日中戦争以降、いろいろな生活必需品が配給制になっていたのですよねぇ
ちょっと調べてみるとお米なんて
実質的には1960年代に配給は終わっていたのに
1981年まで「米穀配給通帳」が、まだ存在していたのですね
見たことないのですが、きっと実家にはあったのだろうなぁ。。。
マッチの話に戻りますが
今やマッチを擦ったことがないって方もきっと多いですよねぇ
小学校の頃には擦り方をじいさんに教えてもらいました。
仏壇のろうそくや線香に火をつけては喜んでいたような記憶が。。。
中学校の頃にはいわゆる「安全マッチ」ではなくて
どこで擦っても火が付くマッチが欲しくって手に入れたなぁ
(要は靴の裏とかでカッコつけて火をつけたかっただけ(笑))
マッチを擦ったときの匂いが何だか懐かしく感じますね
そのためだけに1箱マッチ置いておこうかな。。。(笑)

さてさて

本日は「ヤシカエレクトロ35GT」のカメラ修理を行っています。
「GT」の発売は1969年ですね。つまり私と同い年です(笑)
1966年に初代エレクトロ35が発売され
電気接点が金メッキにマイナーチェンジされた「エレクトロ35G」が
1968年に発売されます。

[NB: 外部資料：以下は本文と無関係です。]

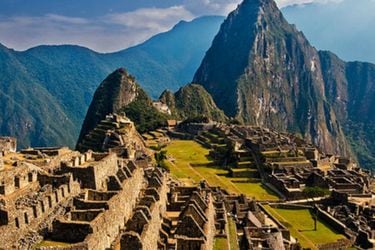 Autoridades suspenden ingreso a Machu Picchu por protestas en Perú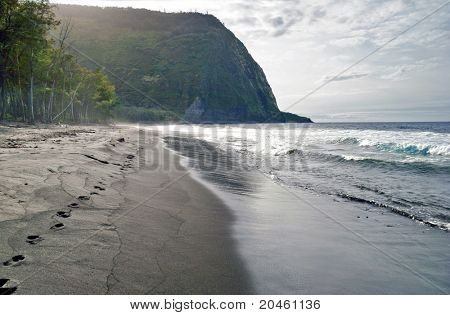 Praia de areias vulcânicas na ilha grande em tempo tempestuoso. Havaí. ESTADOS UNIDOS DA AMÉRICA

その「G」のブラックヴァージョンが
今回の「GT」になります。
つまり接点等以外はまだ初代とほぼ共通という内容です。
(ASA感度設定範囲等が実は細かく変更されていたりしますが。。。)
「ろうそく1本の光でも写る」カメラを目指して
長時間露出性能の高い電子制御シャッターを採用した
絞り優先AE専用のレンズ固定式レンジファインダーカメラです。
長時間露光もポイントでしたが
暗所で少しでもシャッタースピードが稼げるように
45mmF1.7という非常に大口径のレンズを搭載しています。
この「GT」までは旧コーティングの「ヤシノンDX」で
次のモデルである「GS」からは
新コーティングの「カラーヤシノンDX」となります。
60年代の電子制御機ということで
電子部品に不安がある部分もあるのですが
エレクトロは比較的電子部品トラブルの少ないカメラです。
とはいえコンデンサ等に何かトラブルが起こると
修理不能になる場合も確かにあります。

エレクトロ35シリーズの特徴のひとつに
巻上レバーを少し回した時に「カツン」と
それまで引っ込んでいたレリーズ軸が戻る音がします。
それがしない個体が特の初期のモデルに多いのですが
今回の「GT」もその音がしません。
レリーズ軸を押し込む部分にゴムブッシュがあり
そこが劣化して厚みがなくなるとこの音がしなくなります。
この音のしない状態のエレクトロは
オート露出がほぼ間違いなくしっちゃかめっちゃかになっています。
今回ももちろん同様です。
レリーズ軸が正しい位置まで押し込まれないため
一部接点に届かないことが原因です。
。。というわけで電源は入るしシャッターは切れるものの
オートは全くまともに動作しない状況です。
オート専用機でこの状態では全く撮影に使えません。
他、レンズ・ファインダーにかなりのカビが発生しており
これも撮影にかなり悪影響を与えそうです。

目印とか入れる余裕がなかったのですが
画像に腐食して用を足さなくなったゴムブッシュが見えています。
ここに腐食しにくい素材の新しいブッシュを入れていきます。
もちろん各接点の清掃やシャッタユニットの整備を行います。
この状態で仮に電源をつなげて動きを見ている感じには
何とか正常な動きを取り戻せそうです。
毎度のことですがリード線の多さと接点や基板に
非常に時代を感じますね。
でも個人的にもちょっと好きなカメラです。
大事に使われていた個体らしく外装は非常にキレイです。
中身もしっかり整備して再び大活躍できるように整備を行っていきます。